In between sitting around waiting for my Country Living Halloween issue to show up in the mailbox, getting allergy shots, and haunting the Anthropologie online sale rack in case something (anything. A sock. I don't care.) unexpectedly drops below fifty dollars, I am writing a novel.
No, really.
It's for a class that is officially called "Special Projects in Fiction" but which people routinely call "Meg's Novel-Writing Class". It was an accident how I came to be taking this class, but, as with every writing class I've taken so far, I'm enjoying the crap out of it. You wouldn't know this if you were actually in the class with me. I spend most of my time there sitting like a deer in headlights - or maybe a deer that's found itself randomly in a novel-writing class - waiting for everyone to find out that I still sort of secretly think third-person limited omniscient sounds more like a religious movement than anything I would include in a story and that I just want to get back to my pleasant rumination of acorns and woody plants.
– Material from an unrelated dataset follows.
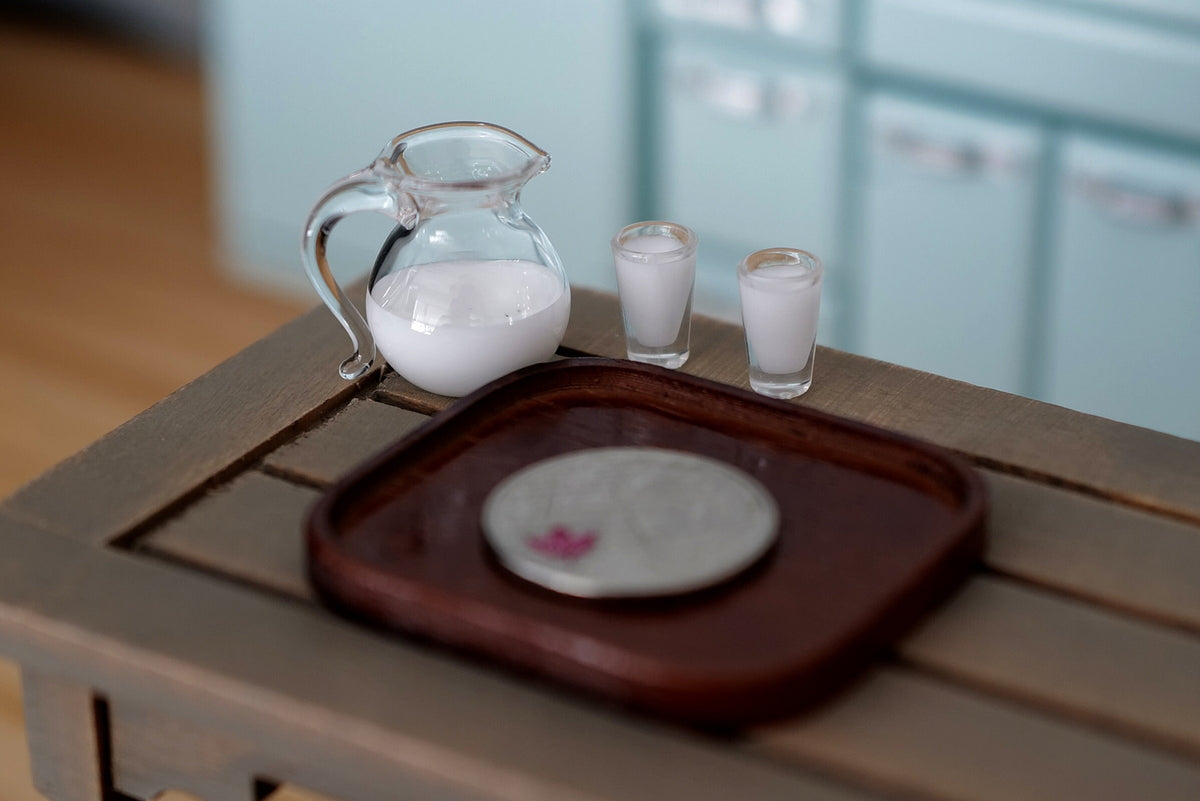 1:12 Scale Miniature Milk Jug Set with 2 Glasses and Tray, 7/8 inch tall, DIY Dollhouse Supply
But under the general sense of panic, I like the class. A lot.
Try saying this: "I'm working on my novel."
I haven't been able to. It makes me feel like an imposter.
3 comments:
You're already a writer... it's not a far leap.
Soon you'll be a novelist! Cool!
I'd pay good money for your novel (especially if you let me design the cover!).
If I ever come up with a finished novel, you're totally hired.